::: TASK MATERIAL :::

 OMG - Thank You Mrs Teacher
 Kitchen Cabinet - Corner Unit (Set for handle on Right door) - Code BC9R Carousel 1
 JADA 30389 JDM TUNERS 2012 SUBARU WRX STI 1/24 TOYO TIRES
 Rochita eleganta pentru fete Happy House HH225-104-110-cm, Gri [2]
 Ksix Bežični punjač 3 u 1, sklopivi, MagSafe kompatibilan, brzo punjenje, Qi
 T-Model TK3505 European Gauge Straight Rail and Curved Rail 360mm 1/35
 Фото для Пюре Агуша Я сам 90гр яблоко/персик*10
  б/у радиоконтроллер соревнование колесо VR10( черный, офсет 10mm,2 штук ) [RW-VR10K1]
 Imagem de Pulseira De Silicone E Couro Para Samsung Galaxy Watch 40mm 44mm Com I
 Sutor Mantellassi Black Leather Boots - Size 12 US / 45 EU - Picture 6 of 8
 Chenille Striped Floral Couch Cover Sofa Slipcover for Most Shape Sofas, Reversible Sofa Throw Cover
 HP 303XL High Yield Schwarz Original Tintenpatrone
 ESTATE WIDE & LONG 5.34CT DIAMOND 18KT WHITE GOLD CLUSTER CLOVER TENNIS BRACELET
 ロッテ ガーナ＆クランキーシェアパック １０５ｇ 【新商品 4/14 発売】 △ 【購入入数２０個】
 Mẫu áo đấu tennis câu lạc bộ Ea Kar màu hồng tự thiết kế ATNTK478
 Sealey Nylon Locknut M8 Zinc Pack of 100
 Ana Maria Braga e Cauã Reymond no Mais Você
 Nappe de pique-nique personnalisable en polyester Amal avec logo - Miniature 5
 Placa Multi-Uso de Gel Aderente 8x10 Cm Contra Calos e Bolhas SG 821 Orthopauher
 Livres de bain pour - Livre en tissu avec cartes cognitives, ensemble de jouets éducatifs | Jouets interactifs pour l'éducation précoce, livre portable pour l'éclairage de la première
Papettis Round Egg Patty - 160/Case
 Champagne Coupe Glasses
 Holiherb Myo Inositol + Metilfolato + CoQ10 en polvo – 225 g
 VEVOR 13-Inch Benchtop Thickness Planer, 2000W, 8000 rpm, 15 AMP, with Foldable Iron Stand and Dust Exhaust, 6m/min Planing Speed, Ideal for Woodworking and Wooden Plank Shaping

:::

Could you retype all of the records above exactly as they appear?

 OMG - Thank You Mrs Teacher
 Kitchen Cabinet - Corner Unit (Set for handle on Right door) - Code BC9R Carousel 1
 JADA 30389 JDM TUNERS 2012 SUBARU WRX STI 1/24 TOYO TIRES
 Rochita eleganta pentru fete Happy House HH225-104-110-cm, Gri [2]
 Ksix Bežični punjač 3 u 1, sklopivi, MagSafe kompatibilan, brzo punjenje, Qi
 T-Model TK3505 European Gauge Straight Rail and Curved Rail 360mm 1/35
 Фото для Пюре Агуша Я сам 90гр яблоко/персик*10
  б/у радиоконтроллер соревнование колесо VR10( черный, офсет 10mm,2 штук ) [RW-VR10K1]
 Imagem de Pulseira De Silicone E Couro Para Samsung Galaxy Watch 40mm 44mm Com I
 Sutor Mantellassi Black Leather Boots - Size 12 US / 45 EU - Picture 6 of 8
 Chenille Striped Floral Couch Cover Sofa Slipcover for Most Shape Sofas, Reversible Sofa Throw Cover
 HP 303XL High Yield Schwarz Original Tintenpatrone
 ESTATE WIDE & LONG 5.34CT DIAMOND 18KT WHITE GOLD CLUSTER CLOVER TENNIS BRACELET
 ロッテ ガーナ＆クランキーシェアパック １０５ｇ 【新商品 4/14 発売】 △ 【購入入数２０個】
 Mẫu áo đấu tennis câu lạc bộ Ea Kar màu hồng tự thiết kế ATNTK478
 Sealey Nylon Locknut M8 Zinc Pack of 100
 Ana Maria Braga e Cauã Reymond no Mais Você
 Nappe de pique-nique personnalisable en polyester Amal avec logo - Miniature 5
 Placa Multi-Uso de Gel Aderente 8x10 Cm Contra Calos e Bolhas SG 821 Orthopauher
 Livres de bain pour - Livre en tissu avec cartes cognitives, ensemble de jouets éducatifs | Jouets interactifs pour l'éducation précoce, livre portable pour l'éclairage de la première
Papettis Round Egg Patty - 160/Case
 Champagne Coupe Glasses
 Holiherb Myo Inositol + Metilfolato + CoQ10 en polvo – 225 g
 VEVOR 13-Inch Benchtop Thickness Planer, 2000W, 8000 rpm, 15 AMP, with Foldable Iron Stand and Dust Exhaust, 6m/min Planing Speed, Ideal for Woodworking and Wooden Plank Shaping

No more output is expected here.